RECORDED DATA:

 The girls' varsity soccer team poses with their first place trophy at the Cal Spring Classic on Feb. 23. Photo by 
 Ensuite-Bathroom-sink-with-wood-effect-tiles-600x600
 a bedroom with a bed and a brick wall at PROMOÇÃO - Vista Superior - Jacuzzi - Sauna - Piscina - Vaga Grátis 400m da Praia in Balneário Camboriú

WHAT IS REQUIRED:
Print the material exactly. Include every line.

YOUR SOLUTION:
 The girls' varsity soccer team poses with their first place trophy at the Cal Spring Classic on Feb. 23. Photo by 
 Ensuite-Bathroom-sink-with-wood-effect-tiles-600x600
 a bedroom with a bed and a brick wall at PROMOÇÃO - Vista Superior - Jacuzzi - Sauna - Piscina - Vaga Grátis 400m da Praia in Balneário Camboriú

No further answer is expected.